Only the lines from the beginning of the entries through the one with "QR code for 1K8013H" should be written out, please, exactly and without any pictures.

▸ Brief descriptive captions
══════════════════════════════

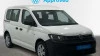 Volkswagen Caddy Origin 2.0 TDI 75kW (102CV) Volkswagen Caddy Origin 2.0 TDI 75kW (102CV)
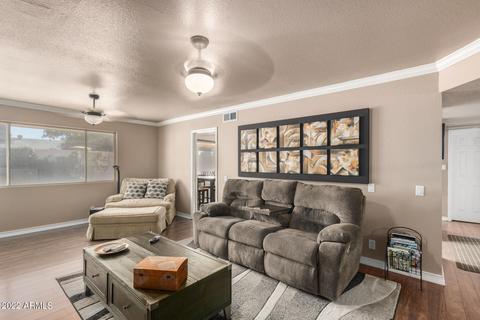 2055 Encanto St, Mesa, AZ 85213 photo 10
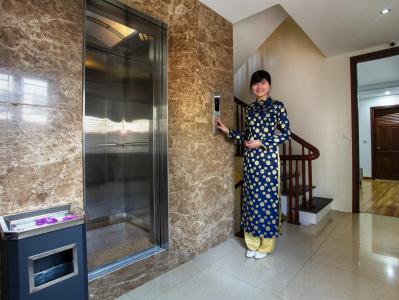 Hanoi Focus - 15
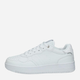 Sneakersy damskie do kostki Ellesse OSEL31W80468-01 36 Białe (8053435835640) - obraz 3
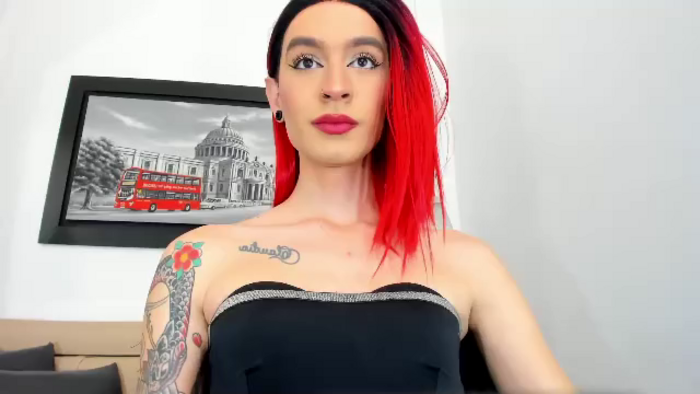 julieta-garca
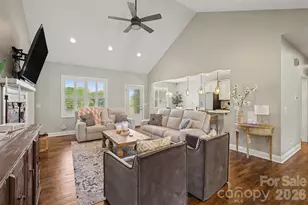 4672 Grace Chapel Rd, Granite Falls, NC 28630 - Photo 7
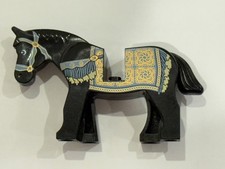 Lego Prince Of Persia Horse -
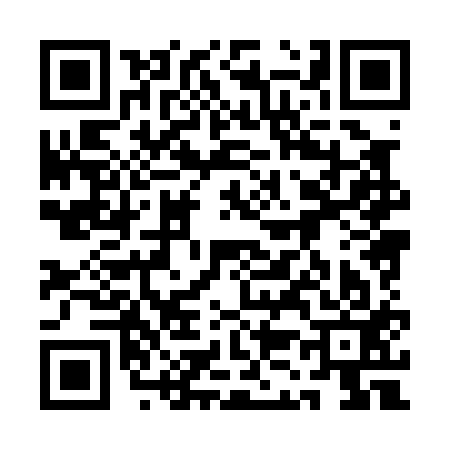 QR code for 1K8013H
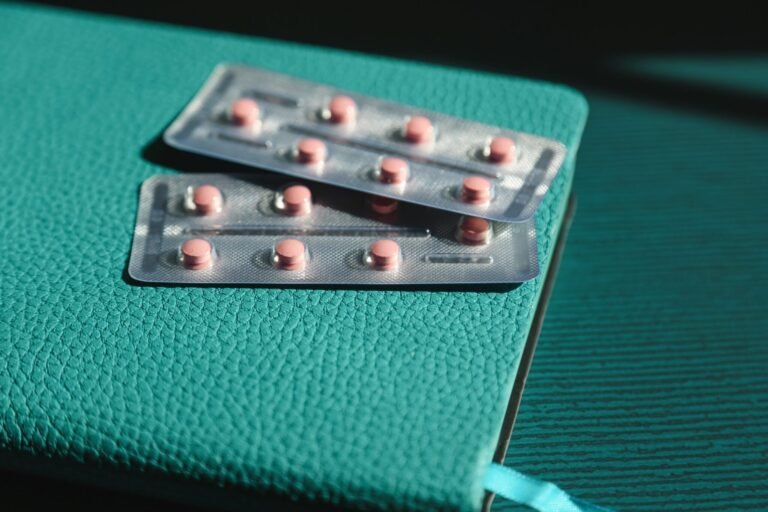 Menopause hormone therapy treatments would be covered by health insurance under Ohio bill • Ohio Capital Journal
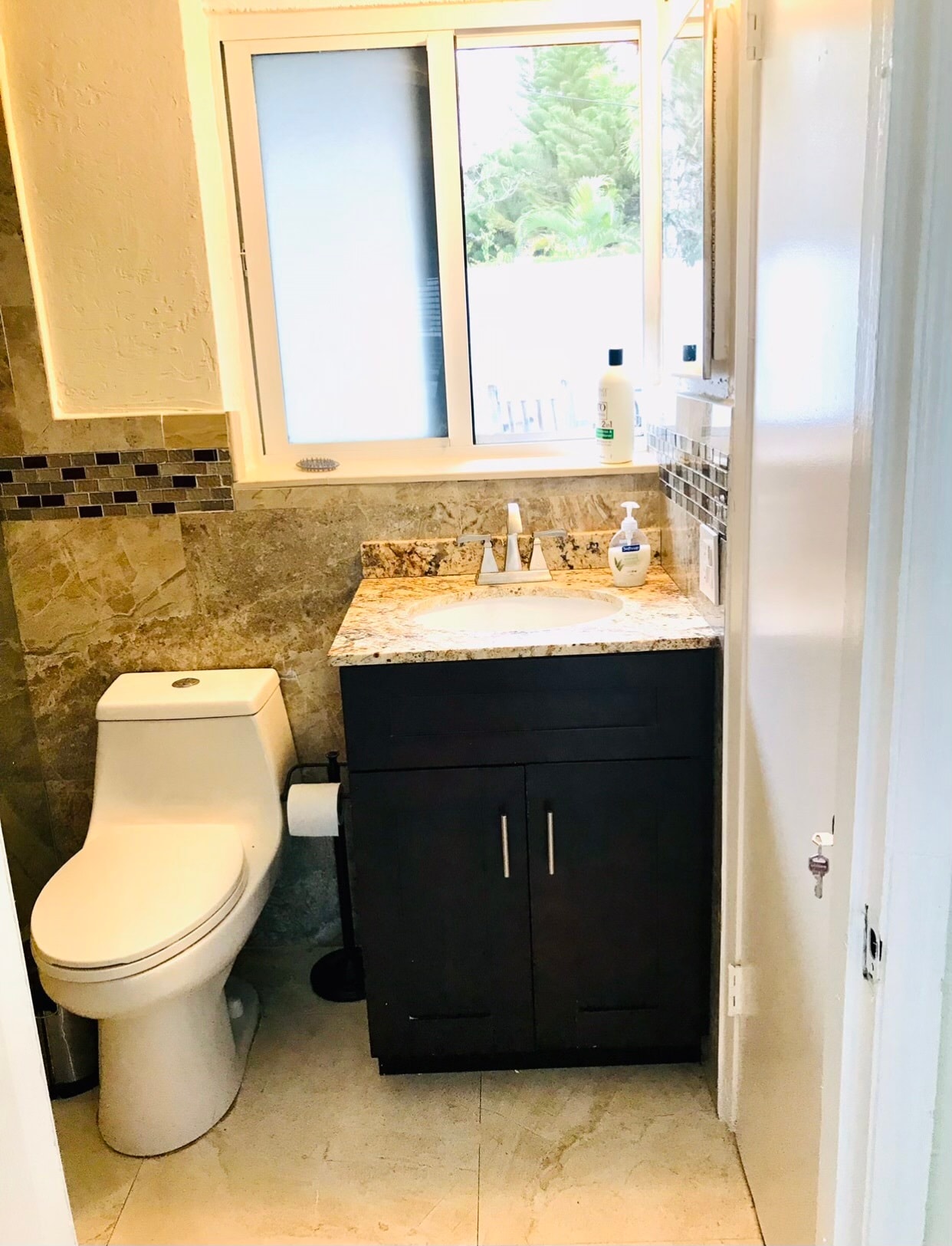 Building Photo - 3221 NE 7th St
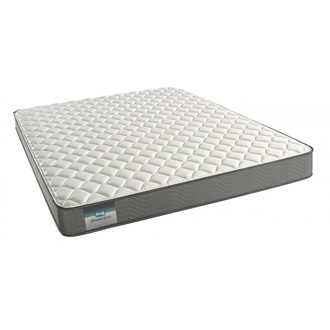 Simmons BeautySleep Surge Firm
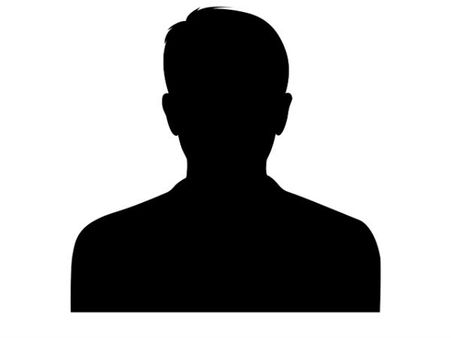 TRENDING NOW! Tollywood Director Arrested In Forgery Case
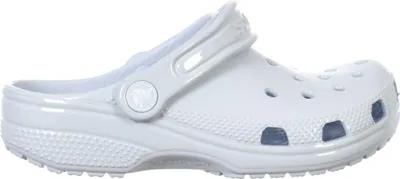 Produktbild von Schuhe Crocs Classic High Shine 2098345AF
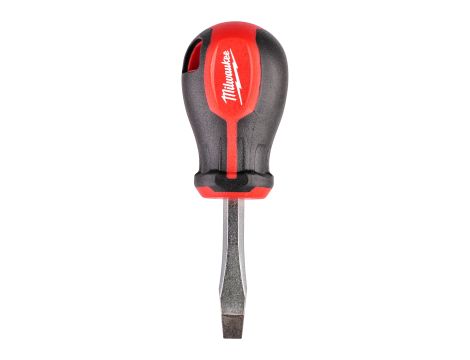 Milwaukee - Wkrętak SL 0.4x2x65 - 1 szt. - 4932471773 - 2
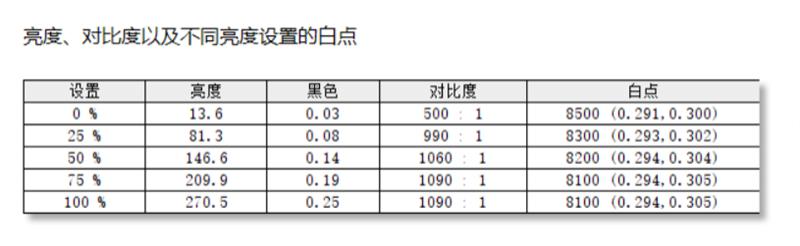 63d90ed28e9f0910806c2e8d_10242142.jpg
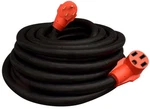 Valterra A10-5050EH 50A 50' Ext Cord New. Price: $404.69.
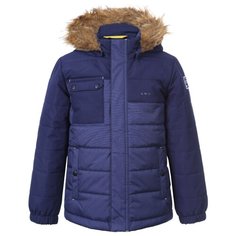 Куртка LUHTA 232016825L6V380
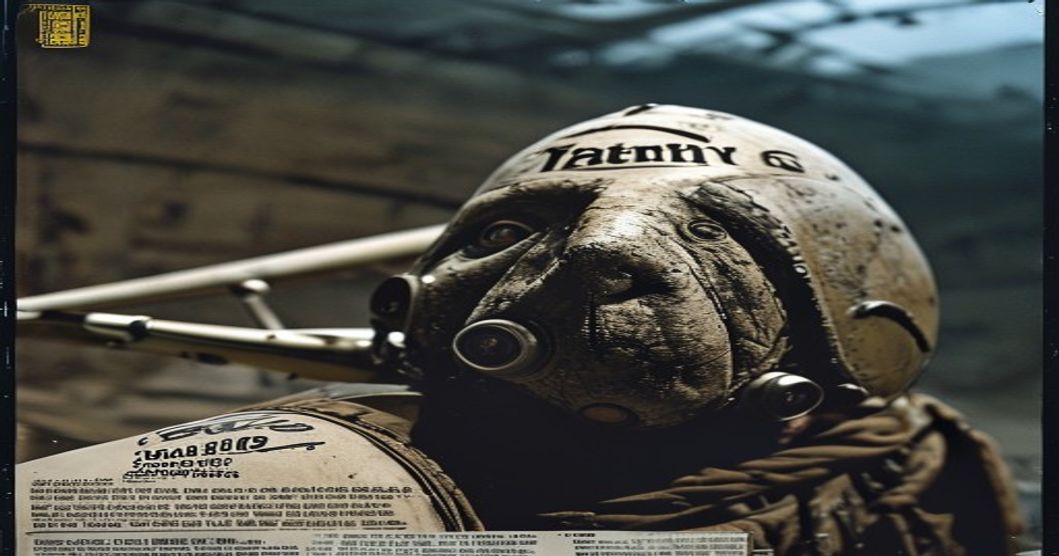 Planetele „Tatooine” rar se formează: Einstein, „vinovat” pentru mister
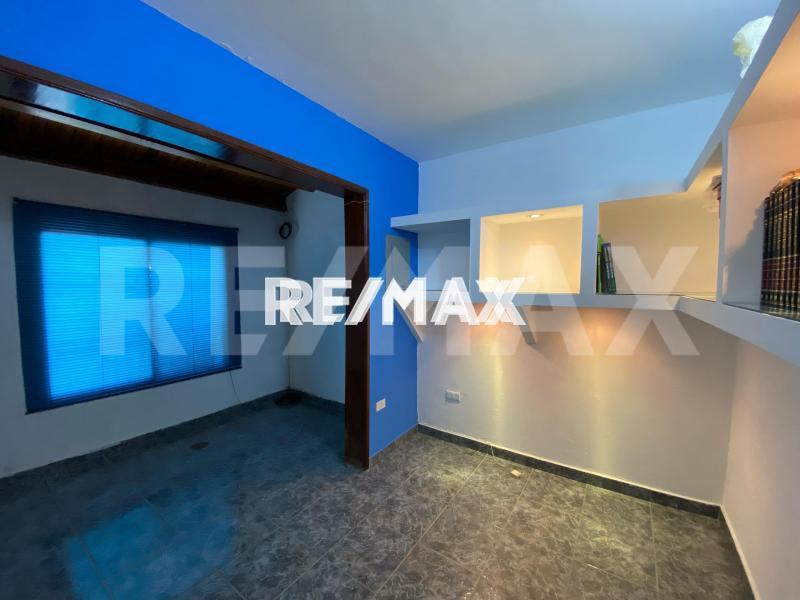 En Venta Casa o TownHouse Puerta Maraven, Cardón, Falcón, 4154, VEN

══════════════════════════════

▸ RESULT OF THE EXERCISE
 Volkswagen Caddy Origin 2.0 TDI 75kW (102CV) Volkswagen Caddy Origin 2.0 TDI 75kW (102CV)
 2055 Encanto St, Mesa, AZ 85213 photo 10
 Hanoi Focus - 15
 Sneakersy damskie do kostki Ellesse OSEL31W80468-01 36 Białe (8053435835640) - obraz 3
 julieta-garca
 4672 Grace Chapel Rd, Granite Falls, NC 28630 - Photo 7
 Lego Prince Of Persia Horse -
 QR code for 1K8013H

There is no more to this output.